The Paralympic games are a series of international contests for athletes with disabilities that are associated with and held following the summer and winter Olympic games. The preposition of “para” is from Greek for “beside”, and therefore the games are always with the summer and winter games.

The first games were held in Rome, Italy back in 1960. It had featured over 400 athletes from 23 countries. Now the games have over 4,000 athletes from 163 counties. Before 1992, the location of the Paralympics wasn’t where the Olympics are. However, with the 1992 Winter games in Albertville the Paralympics were in the same city as the Olympics. The International Olympic Committee and The International Paralympic Committee started a policy, “one bid, one city”. The concept was at if you wanted to host the Olympics, you should be hosting the Paralympics.

All the athletes are grouped together by “the degree of activity limitation” resulting from their impairment. In other words, into 6 different groups that are based on their disability. 

These groups are:

  1.  Amputee
  2. Cerebral Palsy
  3. Intellectual Disability 
  4. Visually Impaired
  5. Spinal Injuries
  6. Les Autres – that’s French for The Others. 

Just like the Olympic games, there is an international committee that oversees running and operation of the games.
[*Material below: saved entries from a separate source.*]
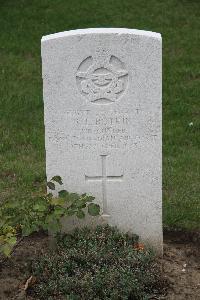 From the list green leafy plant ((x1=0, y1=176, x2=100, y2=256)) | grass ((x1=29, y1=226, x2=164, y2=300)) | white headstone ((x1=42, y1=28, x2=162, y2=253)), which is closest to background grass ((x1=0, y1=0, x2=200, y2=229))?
white headstone ((x1=42, y1=28, x2=162, y2=253))

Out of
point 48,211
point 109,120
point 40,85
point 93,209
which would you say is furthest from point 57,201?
point 40,85

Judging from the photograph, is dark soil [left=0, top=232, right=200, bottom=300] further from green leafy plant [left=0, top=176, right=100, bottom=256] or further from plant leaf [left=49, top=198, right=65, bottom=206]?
plant leaf [left=49, top=198, right=65, bottom=206]

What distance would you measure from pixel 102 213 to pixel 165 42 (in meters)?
5.71

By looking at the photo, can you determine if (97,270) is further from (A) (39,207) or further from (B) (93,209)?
(A) (39,207)

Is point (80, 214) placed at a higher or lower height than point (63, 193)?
lower

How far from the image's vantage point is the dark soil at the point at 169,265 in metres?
4.47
They also make sure that all athletes heed to the rules of the games that are set forth by the committee. For the Paralympic games the committee is called International Paralympic Committee. They also approve all the national teams that compete at the games.

Summer sports in the Paralympic games include:

  • Archery
  • Athletics  
    • These sports have gone under a variety of names such as: disability athletics and disability track and field
    • For the events, any athlete that is Deaf typically competes together. Meanwhile, all other athletes with either a physical or intellectual disability are assessed and compete based on their ability.  
    • There are two sports that are featured that aren’t in the regular Olympics. These two sports are wheelchair racing and club throw.
    • Club Throw
      • This event is the Paralympic event of hammer throw which is in the Olympics. In this event, the objective is to throw a wooden club. Unlike other throwing events that decide the winner based on who can throw the farthest, this one uses a point system called the Raza Points System to decide the winner.
    • Wheelchair racing
      • Simply put it is the racing of wheelchairs in track and road races. These races are open to all athletes with any type of disability such as amputees, spinal cord injuries and cerebral palsy. Those that are partially sighted can compete when they have another disability. 
      • Wheelchair racing as been apart of the summer Paralympics since 1960. 
  • Badminton
  • Boccia
  • Canoeing 
  • Cycling
  • Equestrian
  • Football 5-a-side / soccer 5-a-side
    • This game is an adaption of the regular 5-a-side football or 5-a-side soccer. This game is played by those who are totally blind or have some sort of visual impairment. This sport as been in the Paralympics since the summer games in 2004.
  • Goalball
  • Judo
  • Powerlifting
  • Rowing
  • Shooting para sport
  • Sitting volleyball
  • Swimming
  • Table tennis
  • Taekwondo
  • Triathlon
  • Wheelchair basketball
  • Wheelchair fencing
  • Wheelchair rugby
  • Wheelchair tennis

These games motive those who have disabilities, either physically or intellectually. I find as a person that doesn’t have any need to be apart of these games motivational to push myself to do things, I never thought I can do.

Good luck to all the athletes and their nations.